Le cœur vit enfermé. De là viennent ses sombres élans et ses grands désespoirs. Toujours prêt à fournir ses richesses, il est à la merci de son enveloppe. Que sait-il, le pauvre aveugle? Il guette le moindre signe qui le sortira de l'ennui. Mille fibres l'avertissent. L'objet pour lequel on sollicite son concours en est-il digne? Peu importe. Il s'épuise avec confiance et s'il reçoit l'ordre d'interrompre, il se crispe dans un épuisement mortel.

Le cœur de Jacques venait de recevoir la permission de mettre en marche. Il le fit avec la maladresse, la fougue d'un début.

Aussi Jacques craignit-il les premiers effets de ce cachet qui s'ouvre en nous et lâche une drogue puissante.

Aussi vite que sur l'écran du cinématographe se succèdent une femme petite parmi des groupes et le visage de cette femme en premier plan, six fois grandeur nature, le visage de Germaine remplissait le monde, obstruait l'avenir, masquait à Jacques, non seulement ses examens et ses camarades, mais sa mère, son père, son propre individu. La nuit régnait autour. Ajoutons que cette nuit dissimule Osiris.

Il existe un conte où des enfants cousent des pierres dans le ventre du loup endormi. À son réveil, Jacques sentait une charge inconnue, un déséquilibre, de quoi se noyer à l'exemple du loup, en se penchant sur l'eau pour boire.
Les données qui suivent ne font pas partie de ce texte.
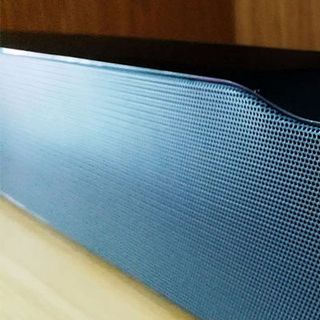 Loa vi tính Soundmax SB-217 có Remote
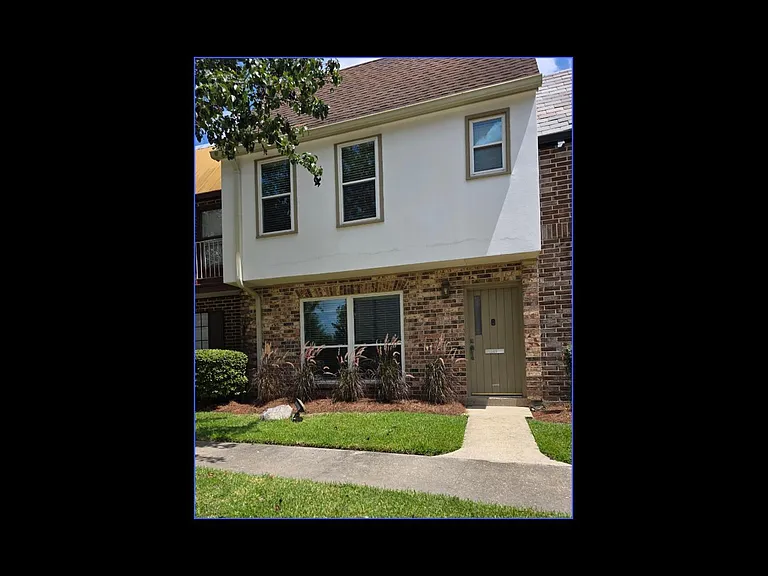 10149 Jefferson Hwy — Photo 12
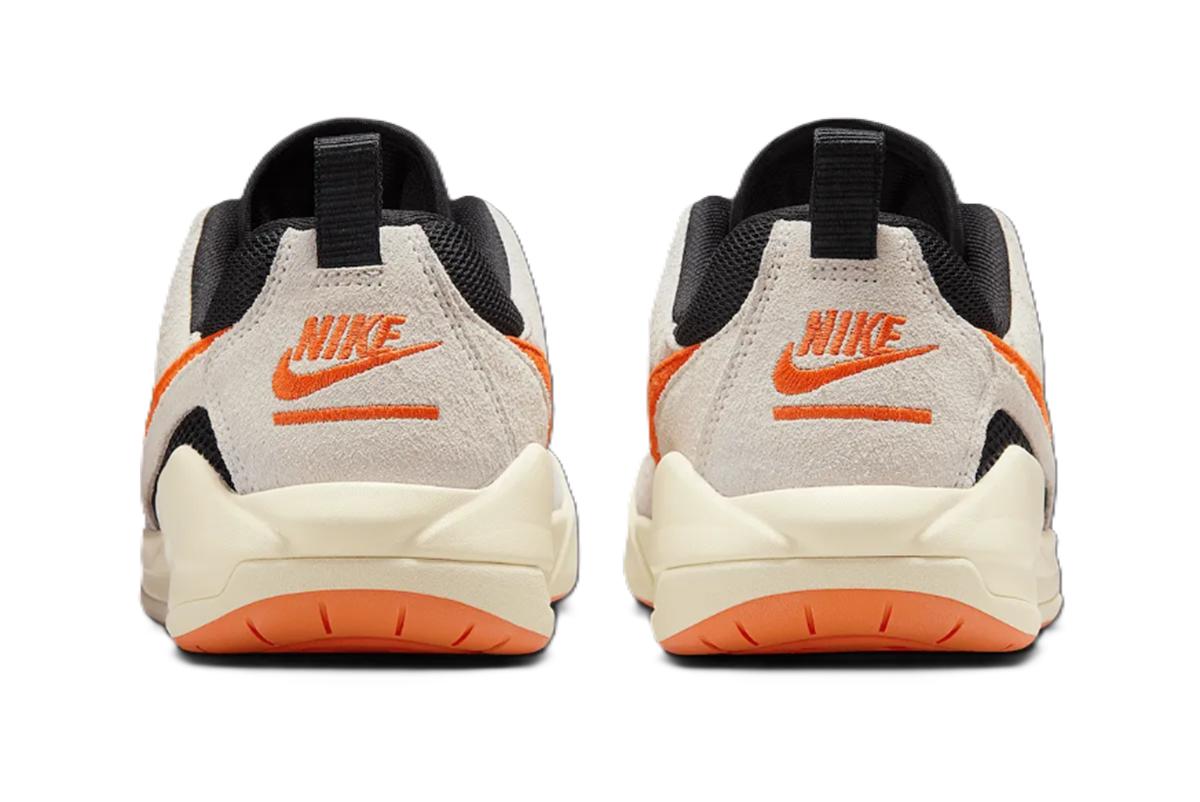 Giày Nike Jordan CMFT Era 'White' HJ6777-018 - Ảnh 5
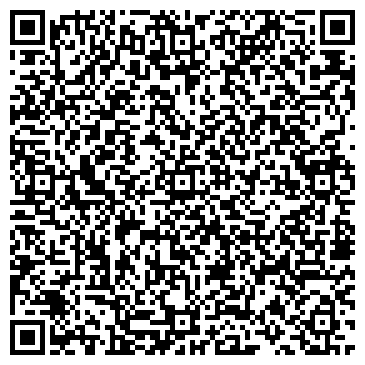 QR-код с контактной информацией организации Юликон, ООО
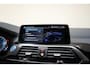 BMW iX3 80 kWh Executive Sport Shadow [ Panorama Leder Camera ]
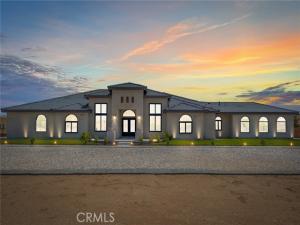 MLS #HD26117484 image #0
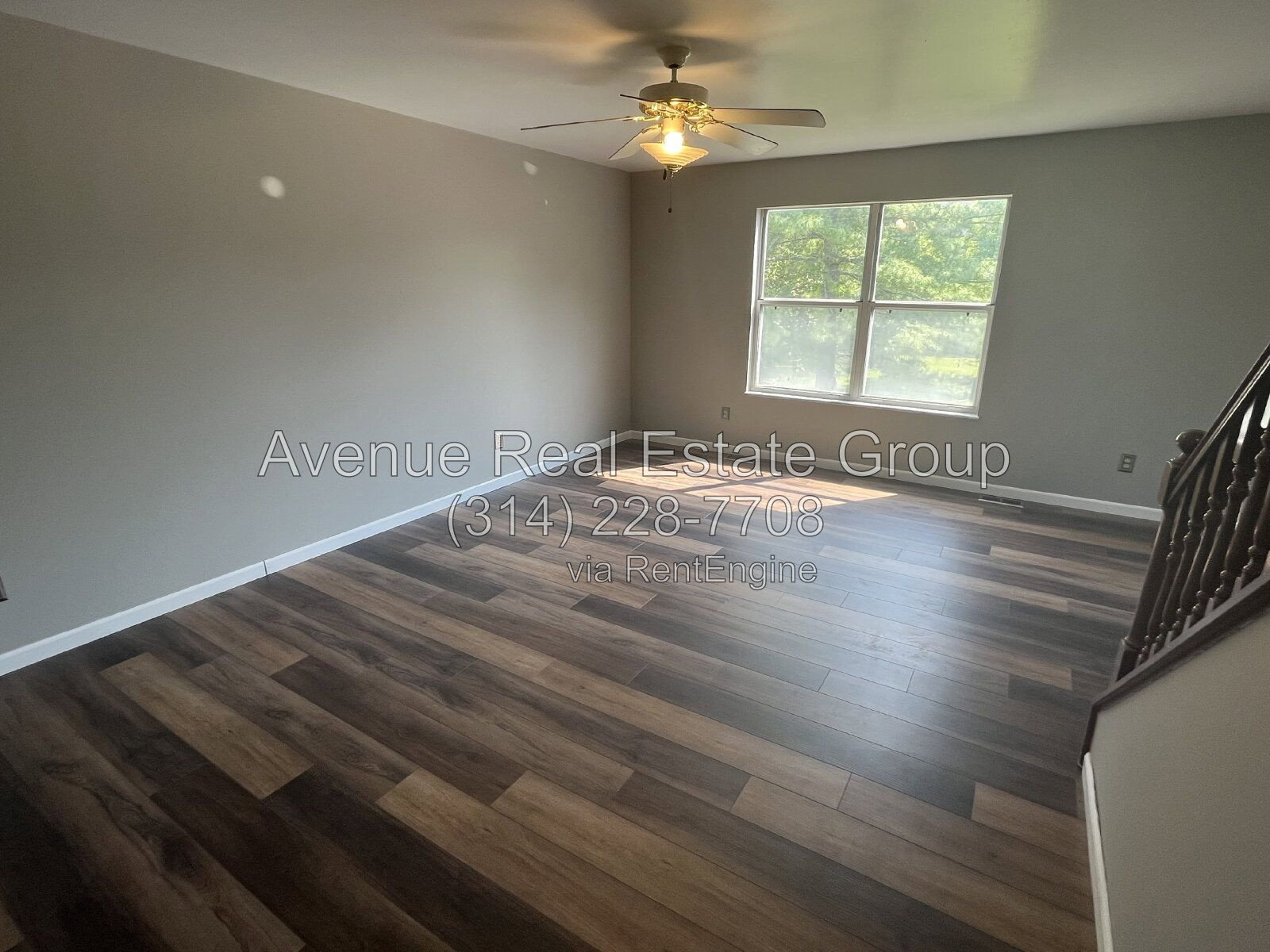 Gallery Image 6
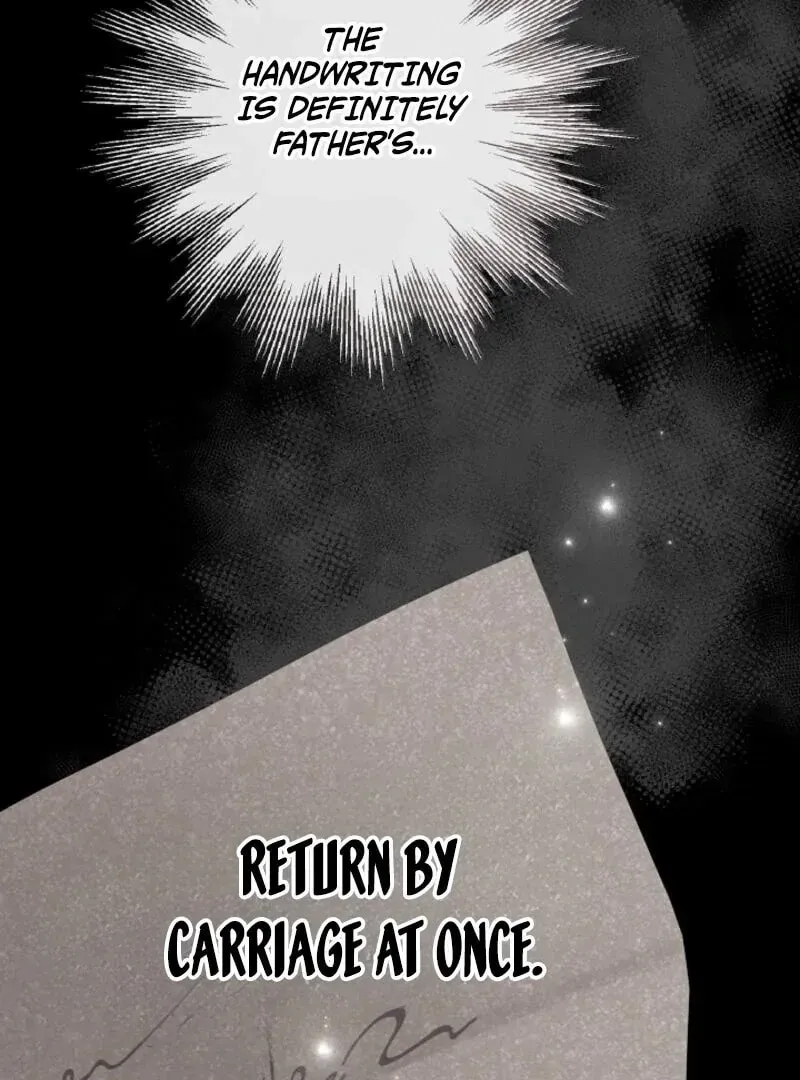 Please Save Me Chapter 71 page 83 - 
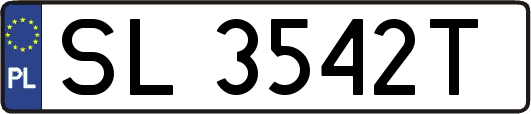 SL3542T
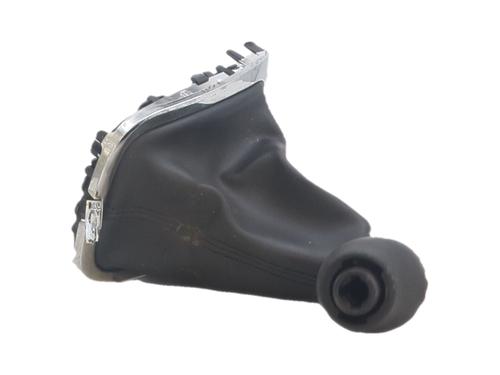 Shift knob RENAULT MEGANE III Hatchback (BZ0/1_, B3_) 1.5 dCi (BZ1G, BZ1W, BZ0R) | BP40269329I34 - Image 6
Germaine l'aimait, certes. Mais son petit cœur ne débutait pas. La partie se présentait inégale.

Au cirque, une mère imprudente laisse son enfant se prêter à l'expérience d'un magicien chinois. On le met dans un coffre. On ouvre le coffre; il est vide. On referme le coffre. On l'ouvre; l'enfant apparaît et regagne sa place. Or, ce n'est plus le même enfant. Personne ne s'en doute.

Un dimanche, Jacques vit sa mère. Elle vint le prendre à la pension. N'ayant pas compris qu'elle ramenait un autre fils de Venise, comment pouvait-elle sentir sa métamorphose récente? Elle trouva qu'il avait bonne mine, bien qu'un peu maigre. C'était traduire en langage maternel sa fatigue et le feu de ses joues.

Mme Forestier était myope et vivait dans le passé: deux raisons qui l'empêchaient de se rendre un compte exact des choses présentes. Elle adorait en son fils sa ressemblance avec une grand'mère, en son mari le père de Jacques. Elle paraissait froide parce qu'elle poussait les scrupules jusqu'à ne se lier avec personne, craignant ce qu'elle appelait des toquades. Sa seule amie était morte. Elle vivait entre l'église, son mari honnête et les craintes pour l'avenir de Jacques.